|The Big Budget Vol. 1 No. 1|
There was a comic many years before the first issue of Whizzer and Chips came out that was advertised as multiple comics for the price of one. No, not two comics as we are used to seeing (Whizzer and Chips, Shiver and Shake and Score 'n' Roar), but was "Three Papers For A Penny!" The Big Budget was its name, and it was launched on 19th June 1897.
The cover stars were nothing new, a fat 'n' thin tramp duo called Airy Alf and Bouncing Billy. They were, of course, based on Illustrated Chips' ever popular Weary Willie and Tired Tim and were even drawn by the same illustrator, Tom Browne (who still holds the record for highest ever paid cartoonist in Britain - £150 a week in the late 1890's!). A very interesting Airy Alf and Bouncing Billy Strip was the one on the cover of The Big Budget Vol. 5 No. 122, dated 14th October 1899. The episode that week was entitled 'Airy Alf and Bouncing Billy Meet Their Great Rivals', who were named Weary Tim and Tired Willy (see what they did there?)! These rival tramps are even seen reading Chips in the first panel, despite the fact that The Big Budget was published by C. Arthur Pearson and Chips by Amalgamated Press. Interestingly, the strip is illustrated by Ralph Hodgson and not Tom Browne, the latter of whom was to leave comics for good the following year due to too big a workload. Here is the strip in full, which is quite possibly the first crossover in British comics.
As mentioned above, The Big Budget was divided into three sections. The first of these sections was The Big Budget itself, which featured comic strips such as Airy Alf and Bouncing Billy. The second section was entitled 'The Comrades Budget' and the third part 'The Story Budget'. Both of these featured texts stories and features. Perhaps the whole 'three-in-one' technique was too far ahead of its time, because, less than one year into its run on 26th March 1898, they merged into each other and The Big Budget became just another one pence comic, or "penny dreadful" if you will (I personally dislike the term as it was mostly used by critics who hated the publications, but it now seems to be generally used to address the comics and papers). Bringing it back to standard form must have helped it because, despite a loss of pages, The Big Budget thrived for many years afterwards.

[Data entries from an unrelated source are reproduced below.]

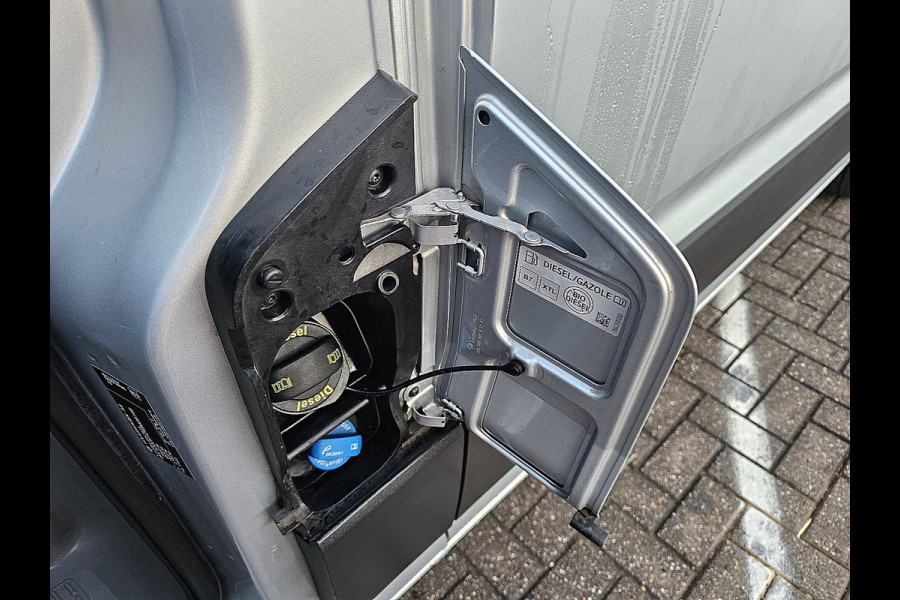 Volkswagen Crafter 35 2.0TDI L3H2 Dubbele cabine 5p Cruise control, Airco, Carplay, Navi, Camera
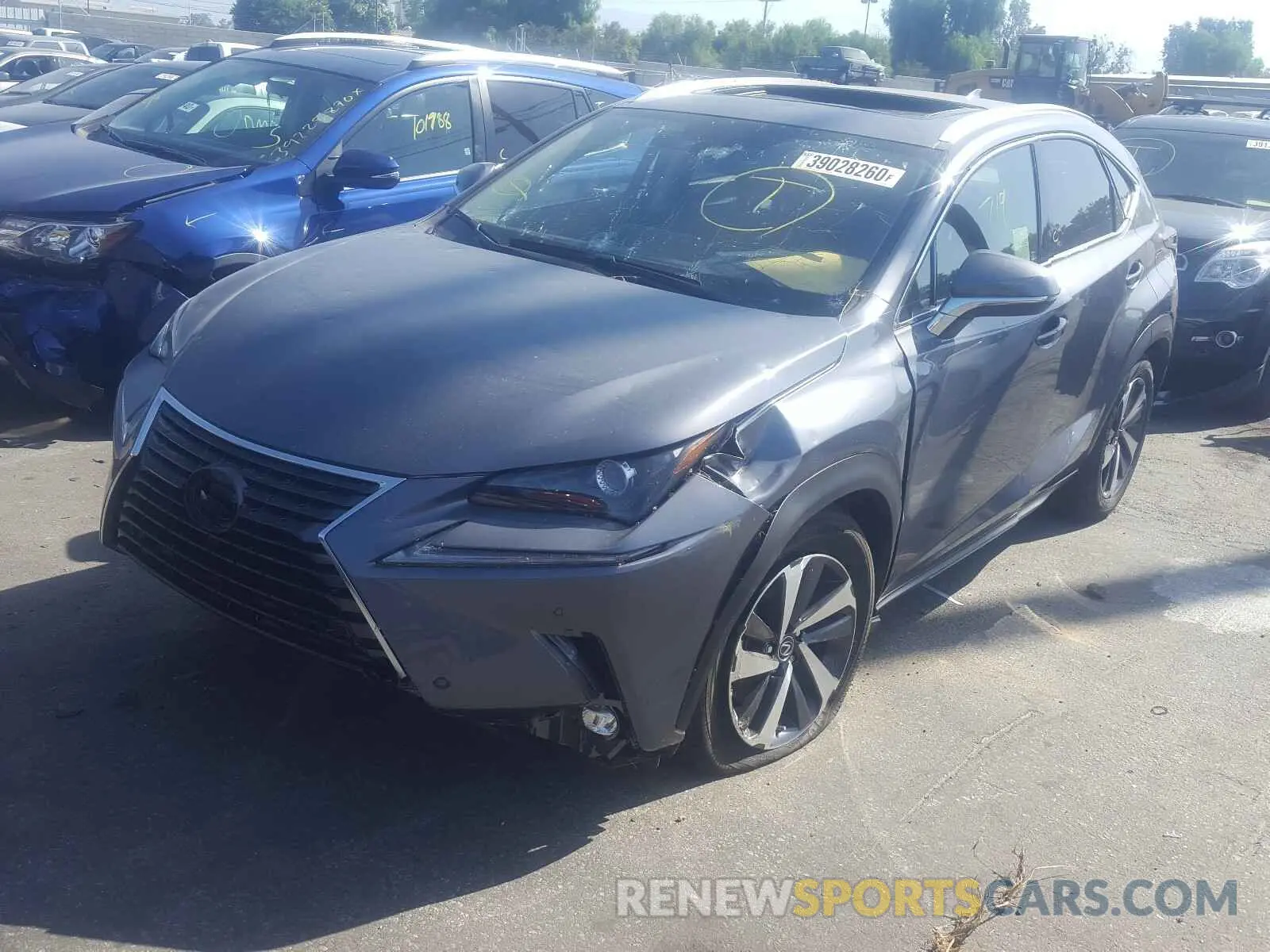 2 fotografías del automóvil dañado JTJGARBZ4L5017495 LEXUS NX 300 2020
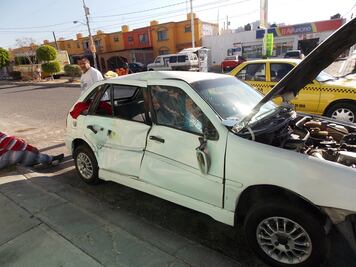 Embiste autobús de Red Q a auto compacto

|Bounderby Bounce, a strip from a 1900 |
issue of The Big Budget illustrated
by Charles Genge.
In 1904 there was a short spin-off from the regular Big Budget series. The Big Budget Library was launched in January 1904 with high hopes, each issue had a grand 96 pages, all of which was material reprinted from the weekly paper. Sadly, it was a failure and lasted for just two issues.
The Big Budget was more comic centered for most of its life until 1905, when Boy's Leader merged into it and changed it into a dominant story paper. It continued on until 20th March 1909 and produced 614 issues, when it underwent a name change to Comet. This, however, was a failure, lasting just 14 issues from 27th March 1909 to 26th June 1909, after which it was gone forever.
Today, The Big Budget isn't very common, as with most comics of the time, and I've never seen an issue for sale - and I have been looking. The images for this post are scanned from Victorian Comics by Denis Gifford, a 1976 book that has hundreds of illustrations but is very lacking in information. I found any information on The Big Budget hard to come by, all the facts in this post come from at least three different sources - so hopefully you've learnt something! There sadly isn't much interest in comics of this time now, despite their interesting history and [usually] high quality artwork. I'm really getting interested in these older comics prior to 1940 and I have another post of a comic from the mid 1930's planned, so stay tuned!
There isn't an awful lot to add to this post but I have just learnt that The Big Budget was the first comic in Britain to reprint American newspaper strips.